We had planned to go with the latter, but our boat didn’t turn up. It was early in the morning, the boatsman probably overslept. Apparently, those things happen in Botswana. At least that’s what my American friends told me, who had all spent the past two years living in the country as volunteers. People are friendly, but service is not the fastest.
Traveling into Botswana
So, public ferry it was. As it was still early in the morning, just after the border opened at 6am, we had to wait about 45 minutes until the first ferry was ready to leave. As I said, you need patience in Botswana. By now a huge crowd had assembled, and it was clear the ferry would be packed. Everyone hustled on when it was finally ready to board, and all you could do was trying not to stumble over someone’s feet as you climbed on board.
When we finally arrived on the Botswana side, we boarded the first of many public buses we would use during our stay in this country. We were currently in the Northeast of Botswana, at the Kazungula Border. Our destination for today was Francistown, about a 6-hour bus ride away. It was only for a night, however, before continuing to Serowe where we’d stay for two nights at a Rhino Sanctuary.

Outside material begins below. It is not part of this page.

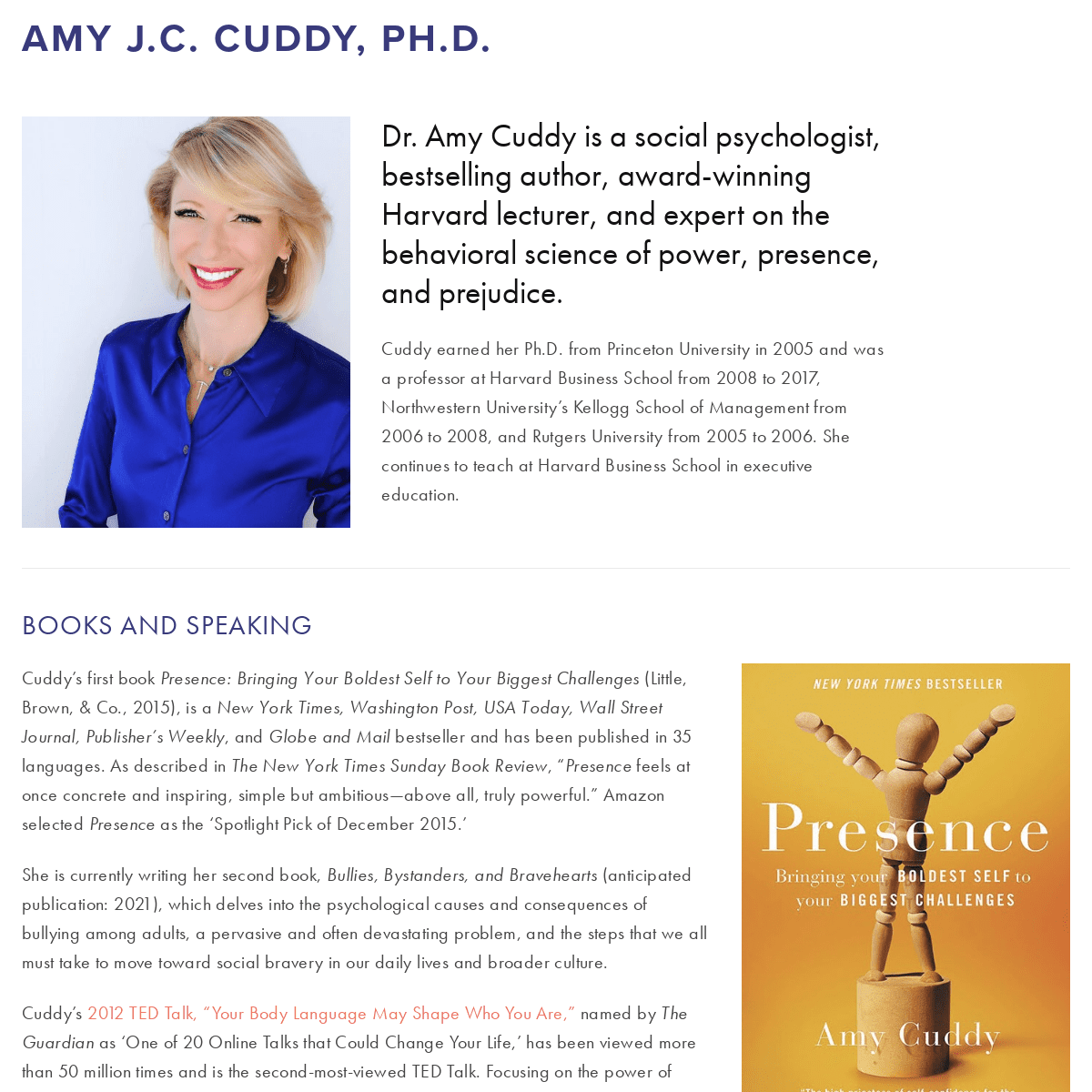 A complete backup of https://amycuddy.com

Most tourists who travel this area do this either by renting their own car or going on a pre-planned trip with a travel company. In both cases they have the luxury of not having to deal with the public transport system in Botswana. I freely admit, if I had been on my own I wouldn’t have done this either. But as I travelled with a group of people who had lived there for two years, and thus had plenty of time to become acquainted with the public buses, I trusted them to know the drill.
If you have ever been told that public transport in Africa is a challenge, and anything but comfortable, that’s an understatement. The buses were usually sprinters for about twenty people, and they were almost always completely full. What makes it worse, there’s no extra space for luggage. We had to squeeze our bags into the aisles, between seats or into any other available bit of space.
Crammed in like that we sat on the bus for hours, killing time by chatting if we were lucky enough to get seats next to each other, or listening to music and staring out the window if we weren’t. That last activity was exciting in the beginning, while we were still in Northern Botswana and I occasionally spotted elephants or giraffes outside. But the further South we got, the more they were replaced by goats and cows, and the landscape started to always look pretty much the same.
Still, despite the hardships, a part of me enjoyed this way of traveling. I was very aware that it’s an experience only few tourists make. We were generally the only white people on the bus, surrounded by locals. And while not a lot of conversations happened with them, partly because of the language barrier, there were some beautiful moments. Like, when the little girl sitting next to me offered me a biscuit after only staring at me shyly for a very long time. Or my neighbor on another bus who dutifully pointed out any wildlife outside the window, to make sure I would see it.
Whenever we had a stop in a bigger town, local vendors would enter the bus loaded with bananas, water bottles, or biltong, trying to sell them to us for the drive. When we had to walk around a station to change from one bus to another, it got worse. Everyone seemed to have something to sell, or a taxi we could take, or just offered to show us the way. Having four people with me who spoke some Setswana and could tell the most obnoxious people off in their own language was a huge help in navigating the hustling bus stations.
Surprisingly, despite all the seeming chaos, we made it to all our destinations on time. We spent a night in Francistown. We also visited the Rhino Sanctuary in Serowe, where we did several game drives and had quiet time before hitting the road again.
The last destination after leaving Serowe was Kanye, a village near Gaborone. Some of my travel companions lived there. I got to spend the night at their house before moving on to South Africa the next day. It was a peaceful last evening in Botswana, with nothing to do but watch some goats and chicken running around in the streets.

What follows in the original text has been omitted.